It had been understood that the water vapour in the stratosphere comes from the rising warm moist air from the tropics, decreasing in temperature as it rises before being freeze dried out, with whatever water managing to make it into the stratosphere setting the water vapour budget for the whole stratosphere.

Now, within the atmospheric science community, there's an increasingly held concept of ‘convective overshoot’; a really strong thunderstorm with so much energy that the air parcels themselves become so out of balance with the air around them that they'll overshoot into the stratosphere, inject water and then come back down.

Researchers are currently trying to quantify how much water vapour might be entering the stratosphere through that pathway. It's quite interesting, and still relatively unknown because it's hard to quantify. There are some historical measurements of the stratosphere, so there’s some idea of the temperatures, and there’s an idea of how much water vapour is there.

Once it was discovered that there was an ozone hole there was an obvious interest in understanding the ozone layer, but until then, there was no interest. Therefore, there’s a relatively short observational time series of its constituents. The stratosphere is something that researchers are investing in and now starting to understand.

One of the key features of the stratosphere is the stratospheric polar vortex, something like a stratospheric sister to the polar Jet Stream. Areas in the atmosphere are delineated as one mass of air, such as a strong polar vortex, usually a wintertime vortex in polar night sitting above the polar Jet Stream.

The image on the left shows a 3D vertical structure and what's quite interesting is that you can get these disruptions to the vortex which are again wave-driven. If there’s a really large disruption that rises into the stratosphere it can break the vortex into two chunks, as the image on the right. It can be visualised by imagining a spinning vortex in a water tank. Shaken enough, it could probably be broken into two spinning bits.
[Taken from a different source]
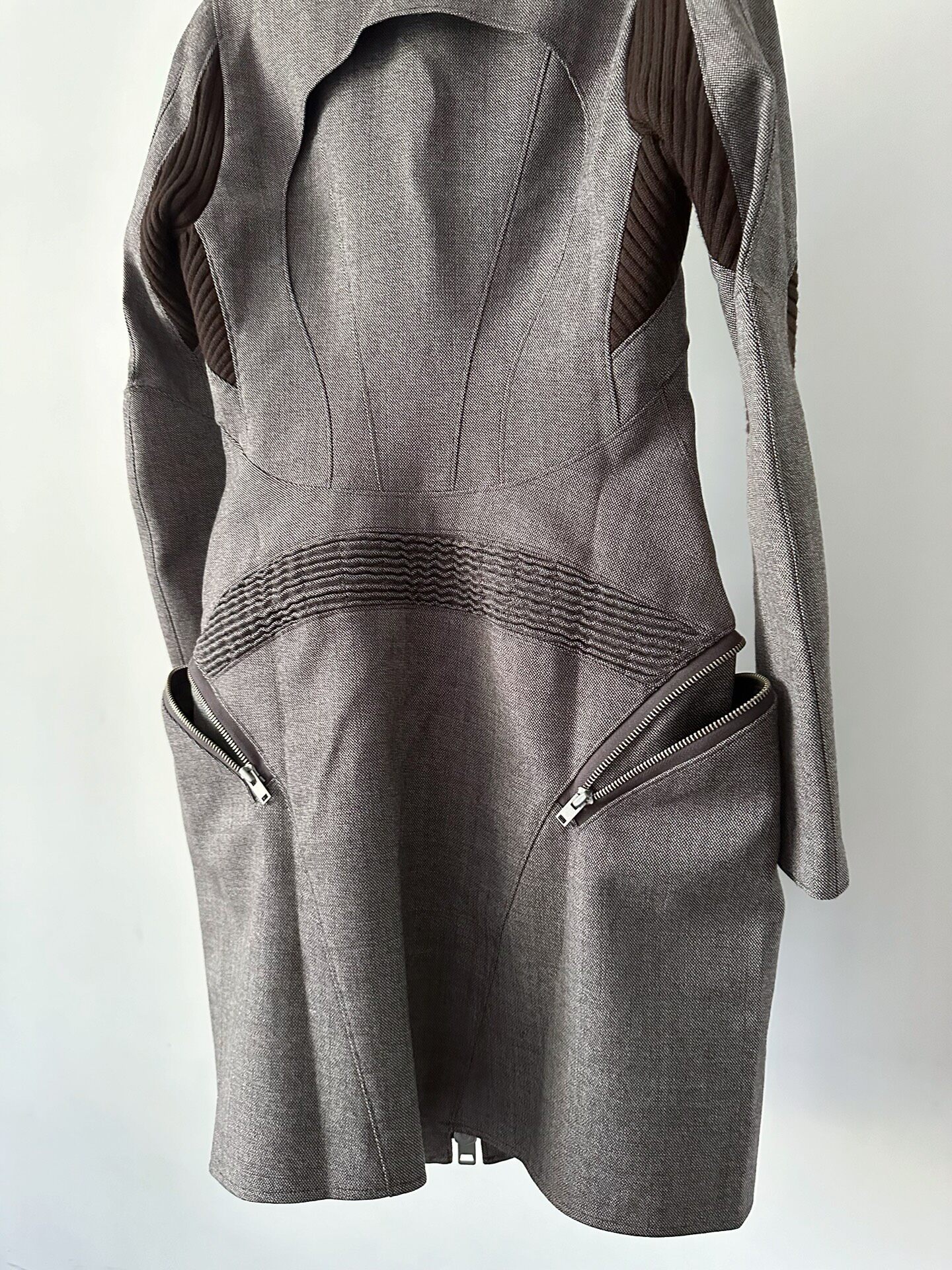 Junya Watanabe Structured Coat — detail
Once the vortex is broken it cascades down into the troposphere and can disrupt the Jet Stream too.  

For example, North America in 2021 suffered a sudden stratospheric warming - so called because when disrupted in this way, there’s a massive temperature change in the stratosphere, which is normally quite cold, but suddenly becomes exceptionally warm before coming back into equilibrium. In 2021 the polar Jet was pushed so far south that it was over Texas, and was called the Texas freeze. It was an insane event; toilets froze in Austin, Texas, and the city was obviously not prepared for this type of weather anomaly. It caused millions of dollars of agricultural damage.

These events are really hard for scientists to predict so no one had time to prepare. When we do future predictions, trying to understand how extreme events might change, understanding changes to the stratospheric polar vortex and the polar Jet Stream is a huge area of research.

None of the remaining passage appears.